そのゲーセンではARゲームはあまり導入しておらず、ピンポイントでリズムドライバーを導入しているだけ。
プレイ人口は、このゲーセン内で数人規模なのだが――導入してから足を運ぶギャラリーが増えたことでは成功しているのかもしれない。
テナントを借りているパターンとはいえ、二階建てと言う事もあって様々ゲームを導入している。
その中でも格闘ゲームやリズムゲームをプレイする層が多い傾向――だった。チェーン店系列ではないのもあって、特定機種をプッシュせずにスタッフがある程度の自由になっているの大きい。
「おいおい――あのプレイヤー何者だよ?」
「既にランクⅨと言うのも異常過ぎる」
「プレイ回数は五十回に満たないが――上級プレイヤーを倒し続ければ、少ない回数で上位ランク到達はありえるだろう」
「それにしても、ARアーマーは何処に装備しているのか――」
「あのコートの下では?」
ここのゲーセンでは設置スペースの関係上で、リズムドライバーは二階の二台しか置かれていない。
しかし、それでも待機列に数人が並ぶ様な機種となっていたには――様子を見に来たプレイヤーも驚いていた。
ここに置かれている機種は対戦格闘や対戦ロボアクションの台が多く、ギャラリーもそちらを目当てにしている割合が多い――にも関わらず。
「それにしても、置かれたのは数ヶ月前のはずだが――」
二階に姿を見せた、あるプレイヤーはリズムドライバーの筺体前を通りかかり、若干気になるような表情で様子を見ていた。
置かれた時期は一月頃か、その辺りだったと記憶している。その前にはカードゲーム筺体が置かれていたような――あれは撤去されたのか?

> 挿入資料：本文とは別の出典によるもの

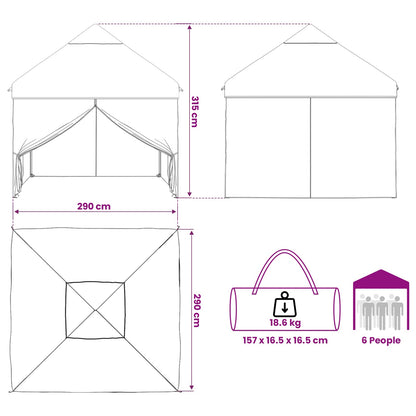 Pop-up Pavillon mit 4 Seitenwänden 2,9 x 2,9 m Blaue Camouflage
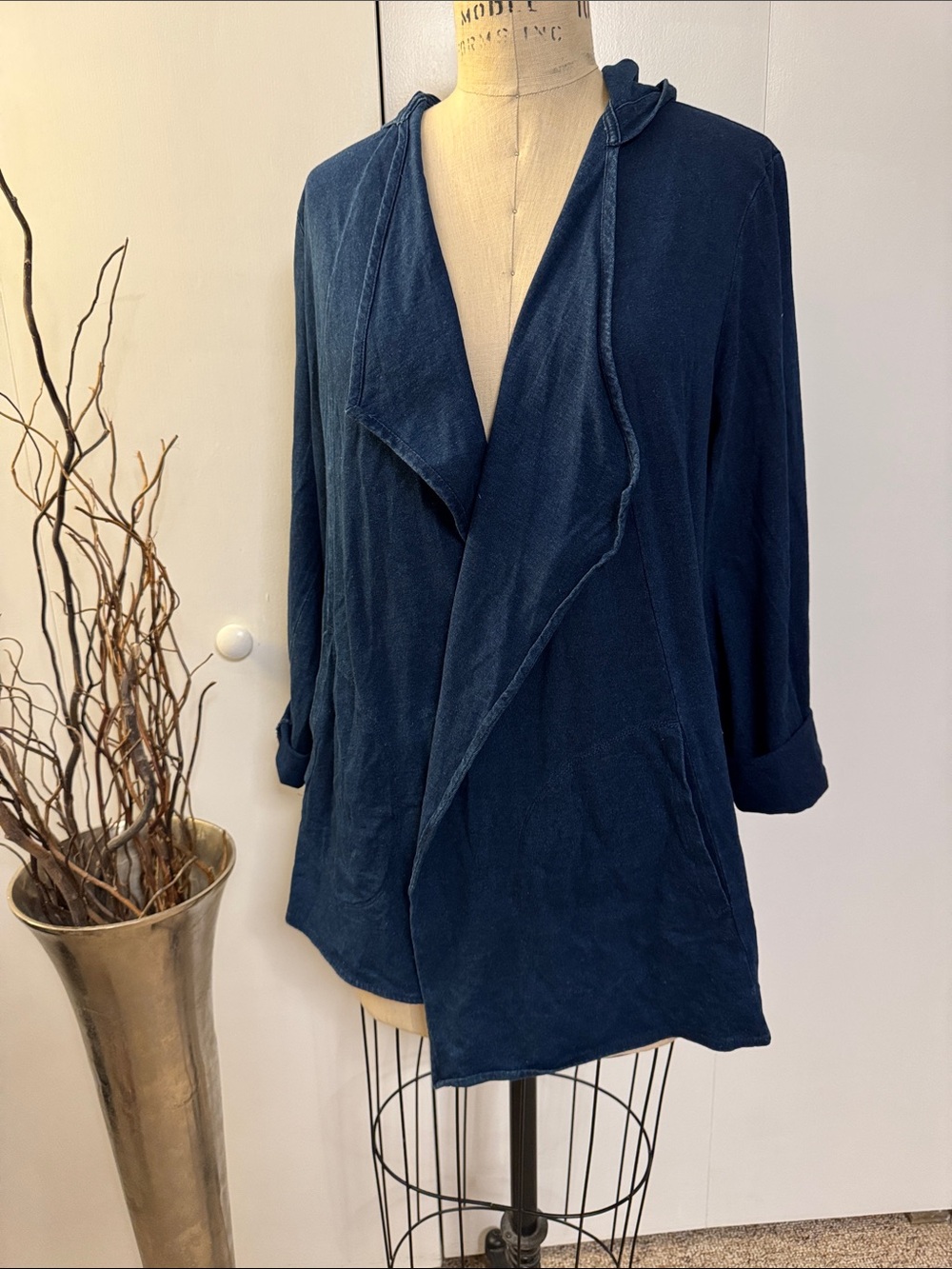 Women's Hooded Open-Front lightweight Jean Jacket in Deep Indigo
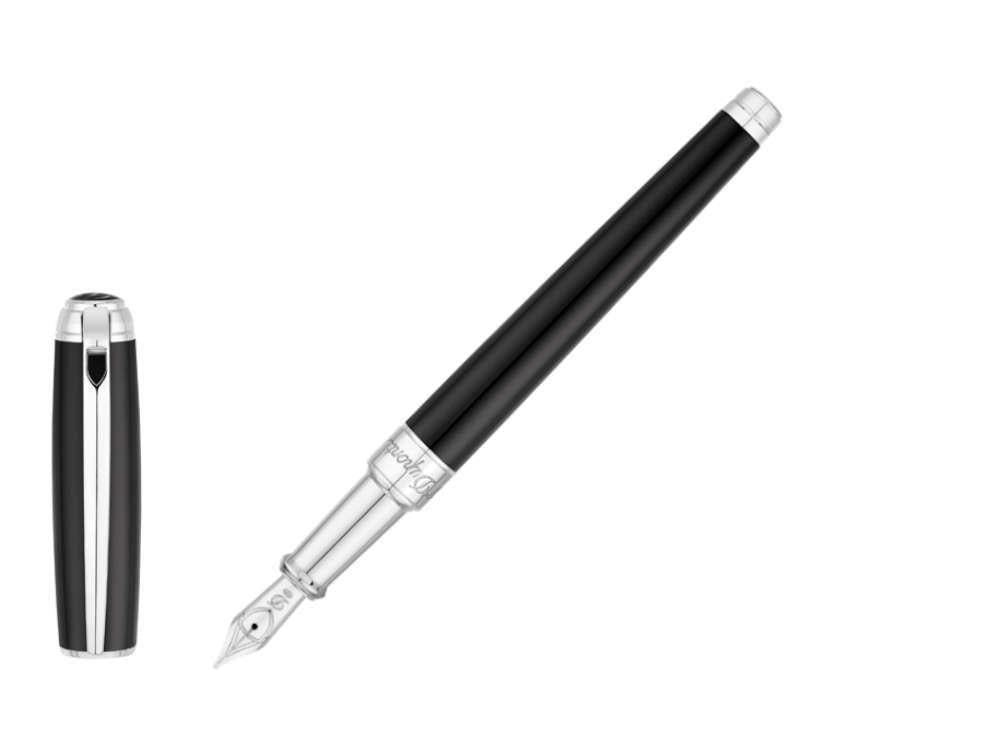 S.T. Dupont New Line D Medium Fountain Pen, Lacquer, Black, Palladium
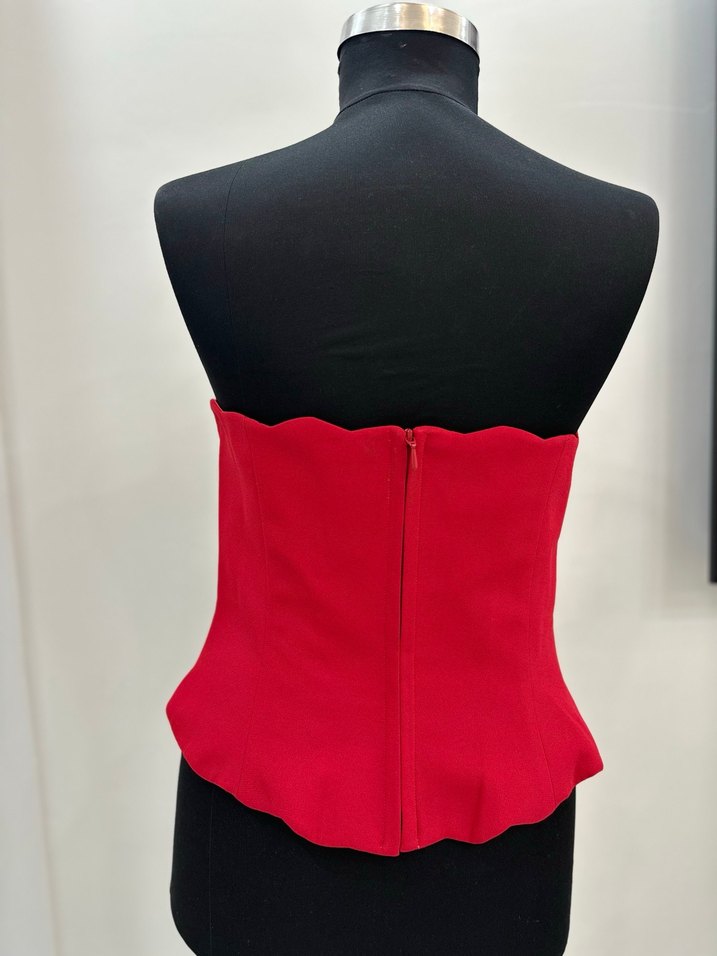 Kırmızı Straplez Gotik Büstiyer - Görsel 2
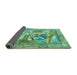 Sideview of Persian Turquoise Traditional Rug, tr4729turq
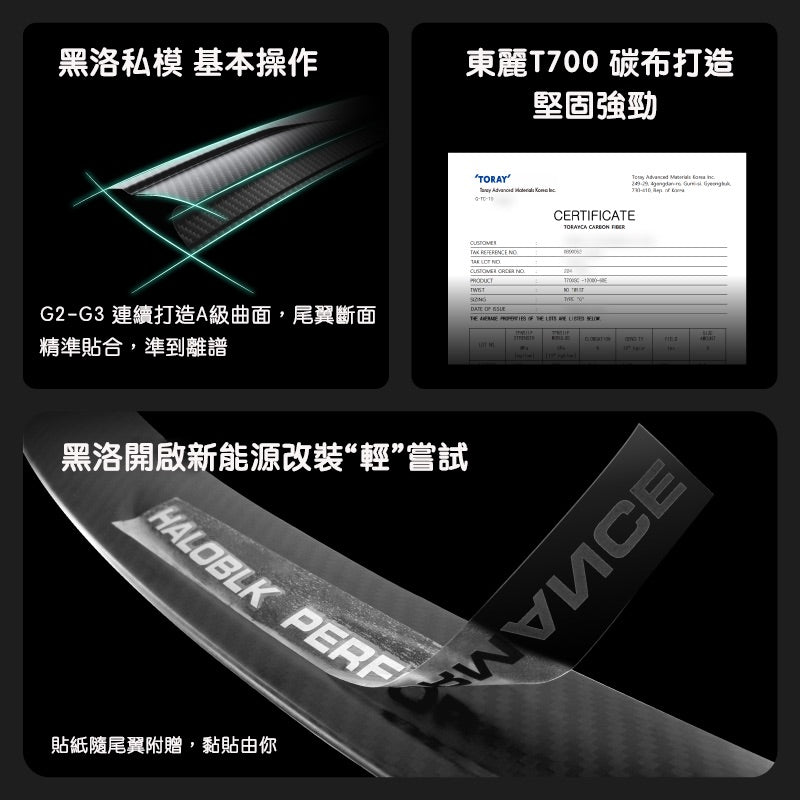 HALOBLK 黑洛 Model 3/Y/煥新版3/煥新版Y 真碳纖維尾翼 - 啞黑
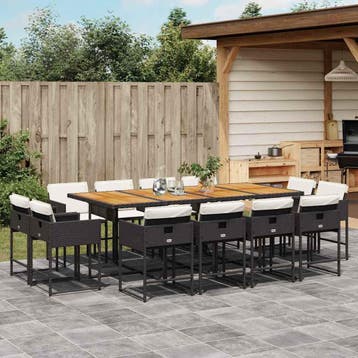 vidaXL 13-delige Tuinset met kussens poly rattan zwart, Verzenden, Nieuw, 2 zitplaatsen, Tuinset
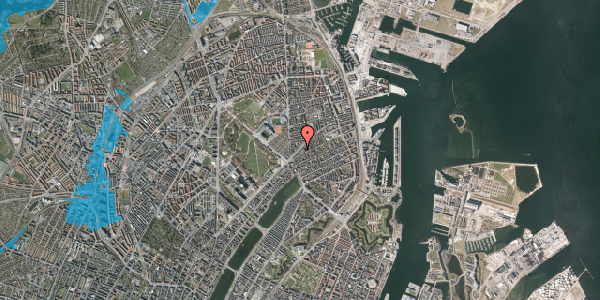 Oversvømmelsesrisiko fra vandløb på Nordre Frihavnsgade 18, st. th, 2100 København Ø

「確かに――そうだったな。その時は特定プレイヤーだけしか――プレイしていない印象だった」
「あの筺体自体、草加市でしか目撃例がなかった。それは去年の一二月辺りか?」
「先行稼働にしては――と思ったが、別の事情もあったような気がする」
「ネット上の意見は、あまりあてには出来ない。噂によれば、何かのプロジェクトがあったらしいとも言うが」
設置当初、誰もプレイする事はないだろうとゲーセン内でも意見が分かれている機種だったのである。それほどにリズムドライバーは
草加市限定の印象は深かった。
それを竹ノ塚内で打破したのが――目の前でプレイしている赤いコートのプレイヤーである。
(レーヴァテイン? 何処かで聞き覚えが――)
他のプレイヤーも、センターモニターでプレイヤーネームを確認して疑問に思った。名前には聞き覚えがある――と。
そのプレイヤーの名はレーヴァテイン、過去にFPSゲームで有名だったプレイヤーなのだが――ある事件をきっかけにして失踪したとされていた。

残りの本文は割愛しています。